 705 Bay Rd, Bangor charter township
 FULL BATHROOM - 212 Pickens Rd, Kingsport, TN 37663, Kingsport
---
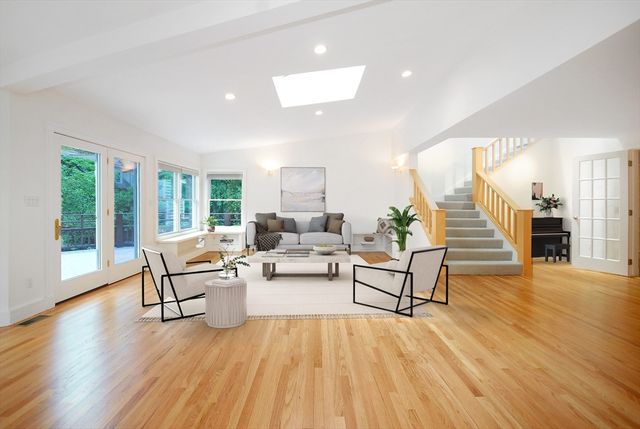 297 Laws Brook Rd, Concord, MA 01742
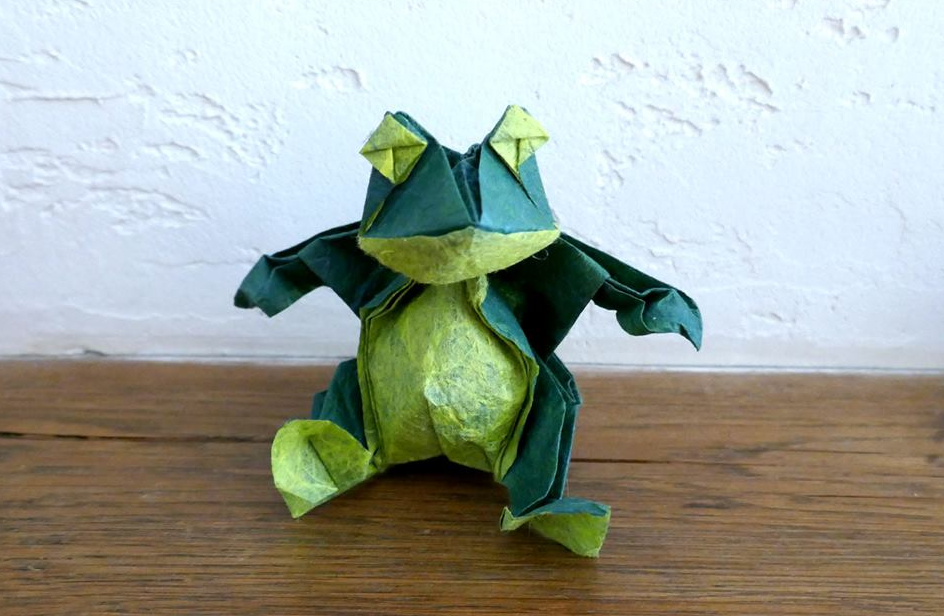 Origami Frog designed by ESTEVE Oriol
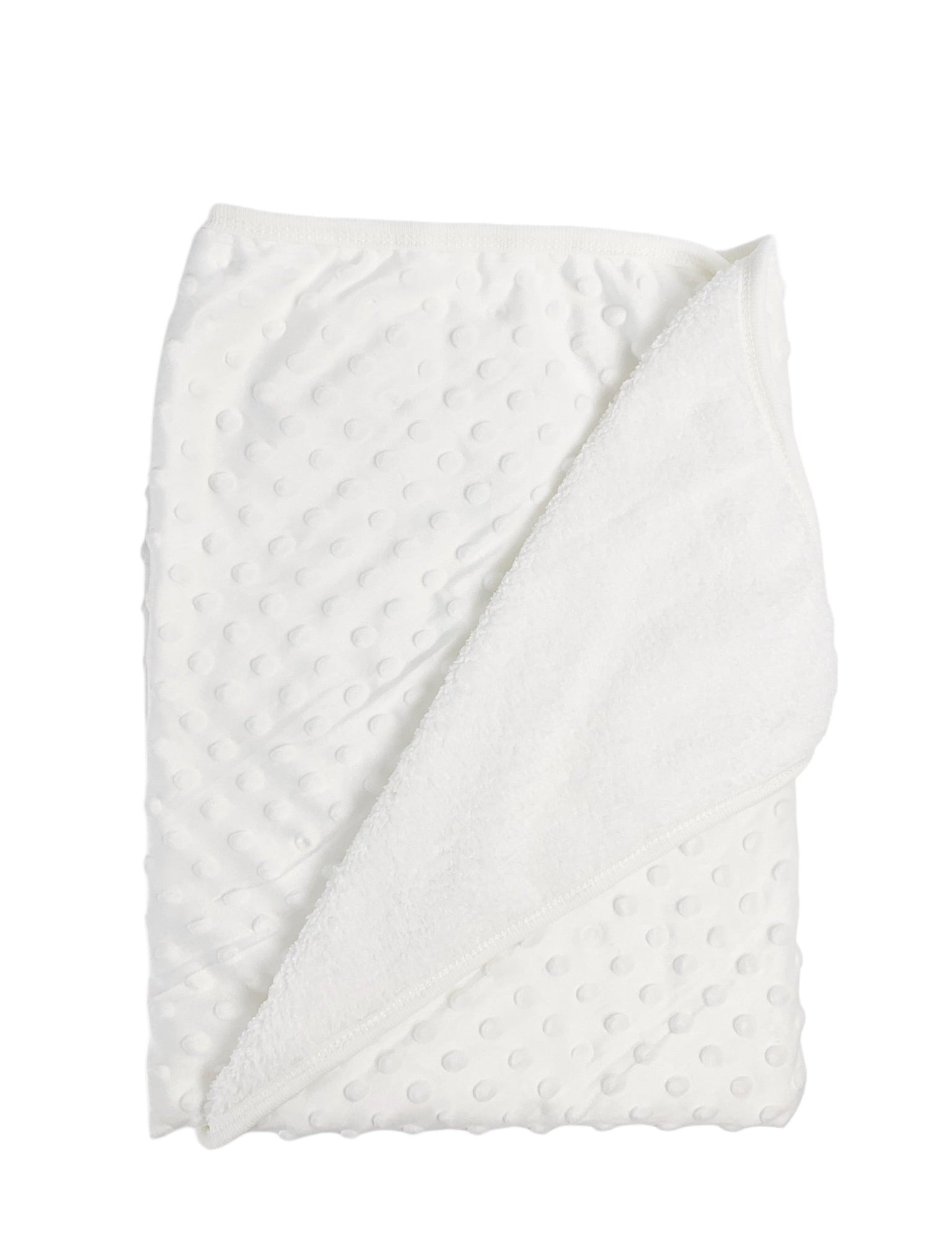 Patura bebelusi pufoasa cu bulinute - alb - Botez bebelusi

▸ **The task**:
Whatever pictures the records hold, omit them; give again exactly the lines from the one containing "297 Laws Brook Rd, Concord, MA 01742" through the one containing "Patura bebelusi pufoasa".

▸ **Task result**:
 297 Laws Brook Rd, Concord, MA 01742
 Origami Frog designed by ESTEVE Oriol
 Patura bebelusi pufoasa cu bulinute - alb - Botez bebelusi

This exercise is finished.